A strategic plan is necessary and helps you accomplish your goals because it keeps you in line, and has you worrying about what NEEDS to be worried about, and nothing else. Otherwise, you have to rely on your memory for everything…not recommended.
What happens to your goal if you decide not to use a plan?
It’s possible that you’re a genius and can keep the best possible means for accomplishing your goals inside your brain at all times and never forget.
If that’s the case, nothing would happen, other than you accomplishing your goal with record speed.
However, if you’re a regular human, you really wanna have things written down, and if you’re gonna write them down, you might as well create a plan.
Because a plan is nothing but what needs done, written down in an order that helps you get better results.
If you decide not to use a strategy for accomplishing your goals, you’re leaving the results up to the wind. Things might land on the table as they should, or they might land in a complete mess.
What happens when things change – scrap the plan?
Even if things change, it’s still better to have a plan. If your goal, or your approach needs to change for some reason, you’re not worse off having a plan than you would be not having one.
That being said, even though you know things might change, that can be included in your plan by having 3 plans within one plan.
You create a best possible, worst possible, and most probably contingency plans within your larger plan.
Actually, when it comes to creating a strategic action plan for your goals, its a smart strategy to create three.
When things change, you pivot, meaning you create a new, more appropriate plan for getting the same results you wanted in the first place.

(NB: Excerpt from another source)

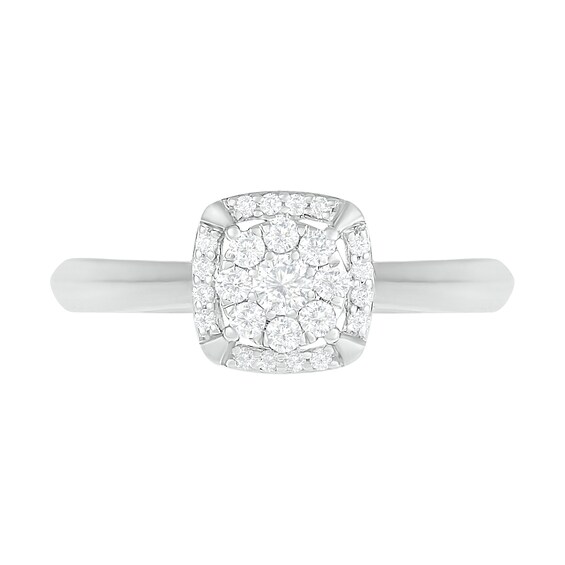 1/3 CT. T.w. Composite Diamond Cushion Frame Bridal Set in 10K White Gold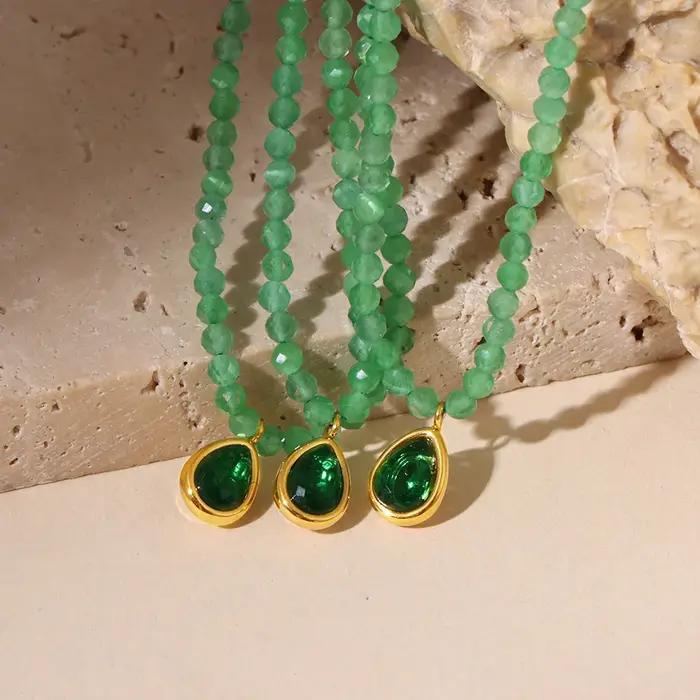 Magnifique collier en pierres naturelles vertes pour femmes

What kind of goals require plans?
All goes well with a plan. In fact, just because a goal is small doesn’t mean it doesn’t need a plan, it just means the damage done if things go wrong (from not having a plan) are less significant.
We all know that things go better with a plan, because a plan primes your mind for success. You want the outcome to look a certain way, so you draw the outcome out (make a plan) and can see your starting point, activity in the middle, and result at the end.

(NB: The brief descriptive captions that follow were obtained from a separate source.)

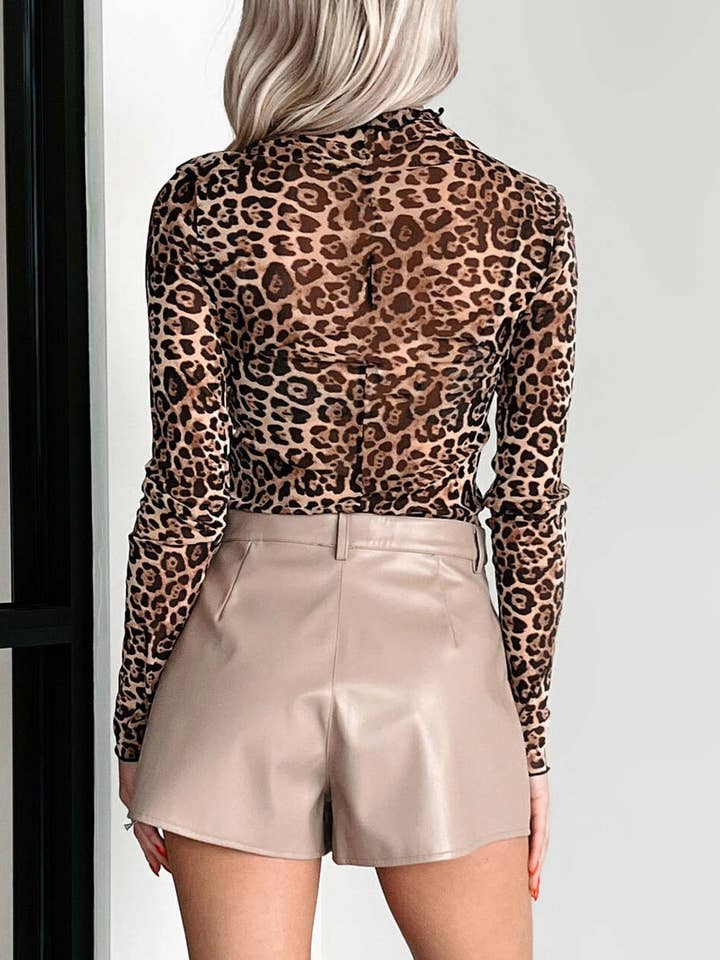 Western Mesh Leopard Print Long-Sleeved Top for wholesale on Faire5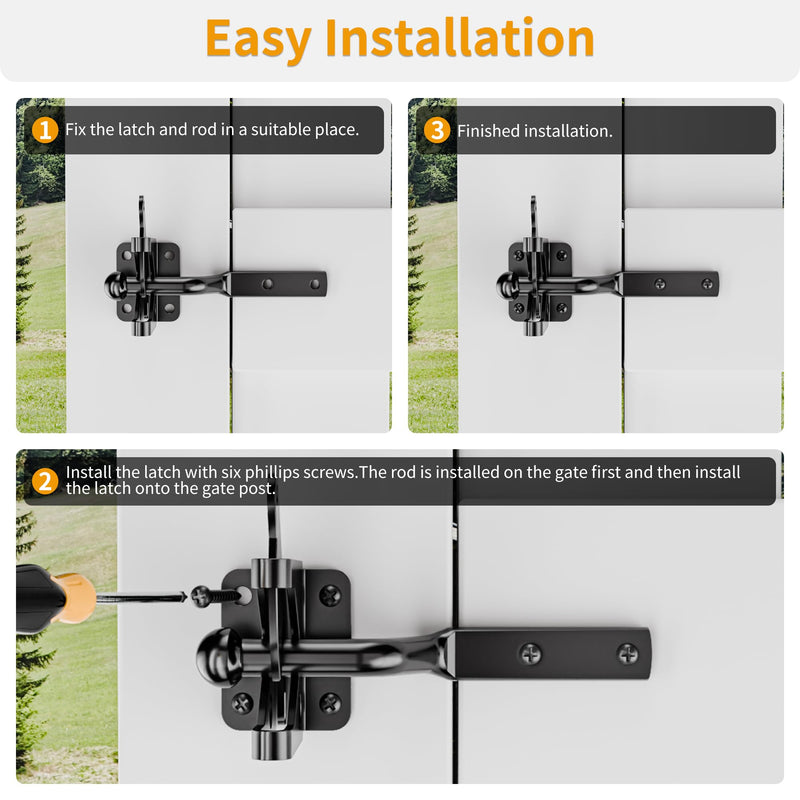 4 Pack, Heavy-Duty Self-Locking Gate Latch for Wood Fence Gate - Automatic Gravity Lever, 4.6in, Durable Steel Sincere, in Sleek,Automatic Gate Latch in Black 4 Pack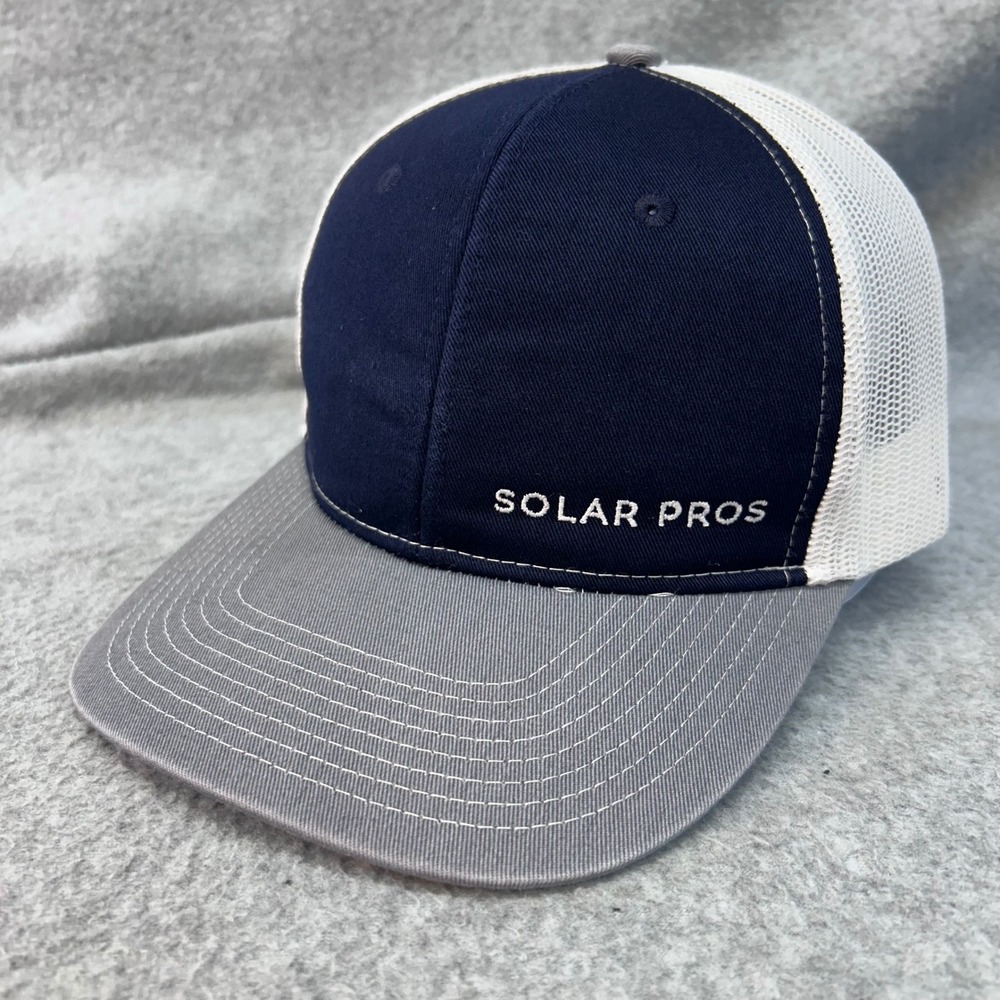 Solar Pros Mens Blue Port Authority Trucker Hat Snapback Mesh OSFM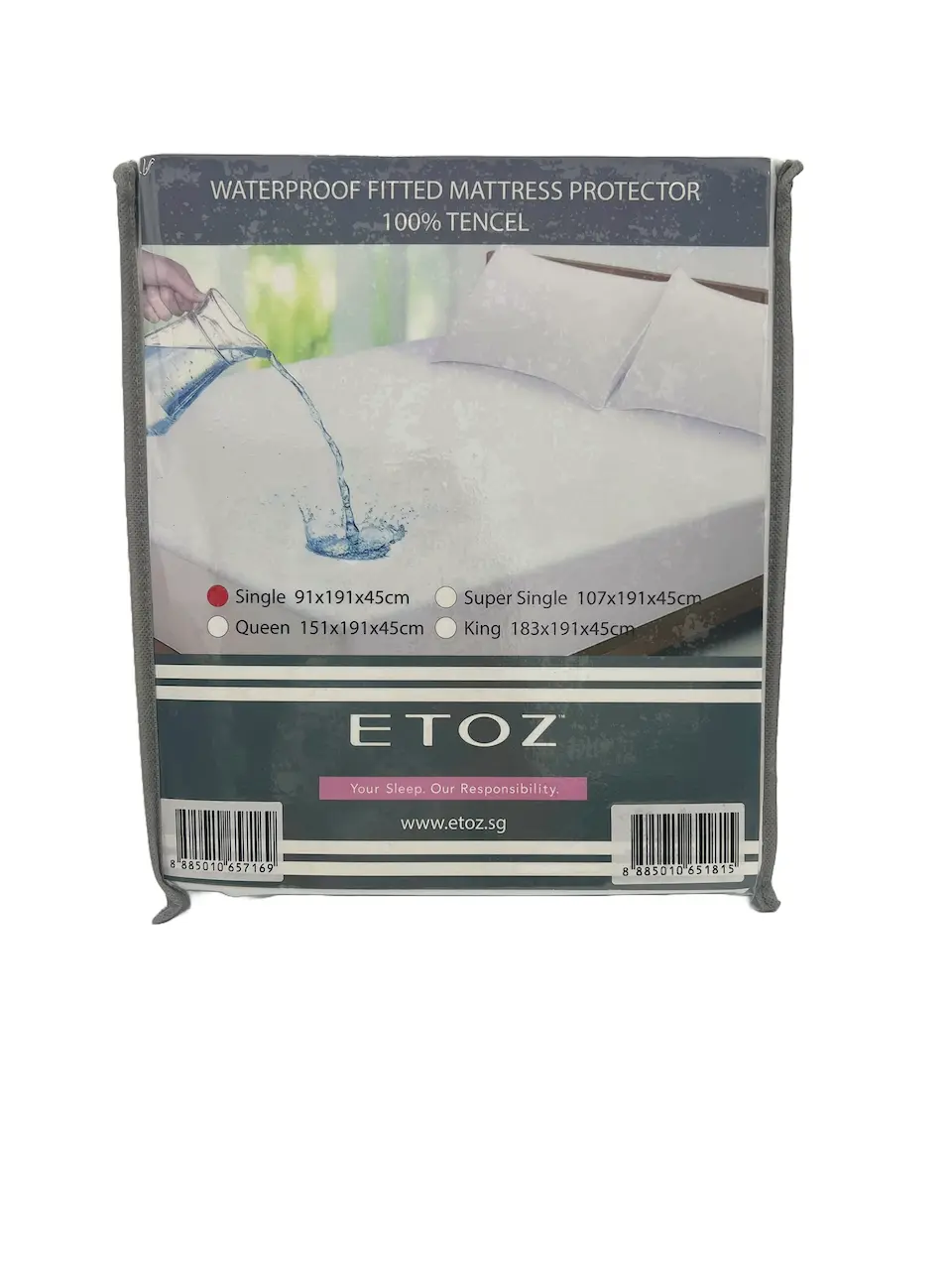 ETOZ Tencel Waterproof Fitted Mattress Protector - Tencel fabric- Mattress Protector- 4 sizes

Even something like going to the grocery store has a plan – we call it a shopping list.
If you’re someone like me, you create that shopping list relative to the position of the item in the store, so you can make one loop from left to right and travel in one direction, instead of looping around the store and wasting time.
What’s the outcome? Every shopping trip lasts 20 mins or less for me, because of a plan. That’s the result I want.
If you think your goal could benefit from getting better results – use a plan. Sometimes actions so small that they cannot be considered goals do not require a plan (going to the bathroom).
A series of actions like going to the grocery store do not necessarily require a plan, but are made more efficient with one. Losing weight and sculpting the physique of your dreams definitely requires a plan.

How do you create a plan for your goals?
The easiest way to get a plan that you know is going to work for your goals is to buy one that’s premade for you.
The formula for achieving goals has already been figured out by success coaches who teach and train some of the world’s highest performers.
So when you apply that formula to a goal you’ve got…what do you think happens?
That being said, a simplified formula can work too if you’re not interested in a proven and tested one.
You could also opt for getting a free resource that will guide you simply toward completing the first part of your strategic plan – like this one below.
Step One: Desire. You sit in your rocking chair and think about the way you’d like your life to be someday.
Step Two: Intention. After a while, you’ve pondered for long enough, and you make the decision that you’re gonna do the thing, and make it happen.
Step Three: Brainstorming. How could you make this happen? How have others made it happen? Could I use the same method?
Step Four: Criteria. What’s the best way to achieve this goal? What kind of goal is it even?
Step Five: Main goal. Clarity as to what your primary focus will be.
Step Six: Mini goals. Breaking the main thing down into manageable smaller chunks.
Sep Seven: The Roadmap. The entire year, where you start at zero and are where you want to be in 12 months at least.
Step Eight: Execution. The only way to do it, is to do it.